Sunday, June 21, 2015

Teets Road, Chippewa County

Last weekend Artemis Eyster and I took a long weekend trip to the UP just for the fun of it.  When we got to US 23 around Ann Arbor it began raining and the rain continued all the way up and well into the afternoon.  We stopped in the Mio area, got lost a little bit, but drove around looking for suitable Kirtland's warbler habitat.  We were hoping to break-up the drive, but with no suitable habitat and the rain we didn't even get out of the car.  The jack pines have really grown up in the Huron forest around the Mio area and we did not see or hear anything except a few blue jays and Nashville warblers. 

We stopped briefly at Hartwick Pines SP and saw evening and rose-breasted grosbeaks at the feeders before continuing north to our overnight stop in St. Ignace.  We stayed at the Driftwood Motel across the road from Shepler's ferry service and heard an American restart and red-eyed vireo singing from the neighborhood trees there.

On Saturday morning we checked out of the motel around 8:30 am to try to find Teets Road.  On an early June trip in 2009 I saw my life LeConte's sparrow here and was hoping for the same again.  

Along Prairie Road, just north of Teets, Artemis heard a buzzy song from the car window that, at first, we thought sounded like blue-winged warbler.  We corrected that and coaxed this clay-colored sparrow out of its dense habitat to perch in a roadside tree and sing for these (@#$% fuzzy) photos.  The sun was very bright and perhaps it was a bit hazy from humidity or whatever, but I am really beginning to be disappointed at this photo quality.  But, I love this bird and its song.
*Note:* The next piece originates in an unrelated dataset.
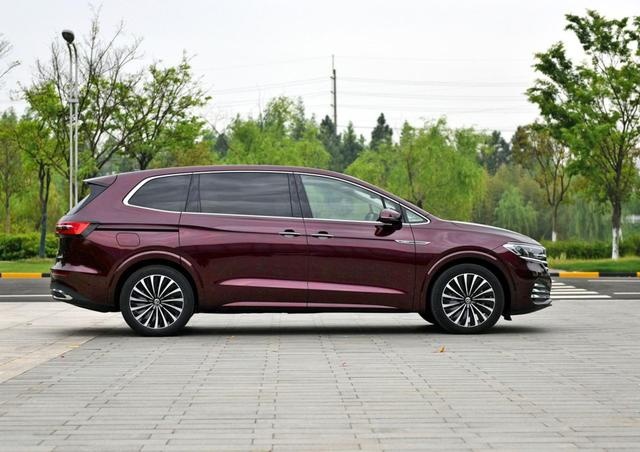 大众推出MPV 车型，威然宜家宜商务，实力对标别克GL8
This is the first I've seen for the past couple of years.  

Just at the Prairie Road and Teets Road intersections there were seven or eight cedar waxwings in the upper part of this hemlock (?), tamarack (?) tree.  Even in this terrible photo you can see their perched yellow bodies.

Cut to the chase, there were distant savannah sparrows in the [former] LeConte's sparrow field, but no LeConte's.  The habitat seemed to have changed and appeared less wet - even in this wet spring.  Also, behind the grassy meadow the field had been planted with some kind of crop, perhaps wheat.

We began hearing and then seeing Bobolinks.  My first this year.  The payoff for the drive to Teets Road was this cooperative, singing sedge wren.  The wren family is Artemis's favorite and this bird is completely cute.  

Again, best not to enlarge these photos unless you want to see the full, pixilated version.  

As we watched this charming little sedge, Artemis made a beautiful ink drawing of it.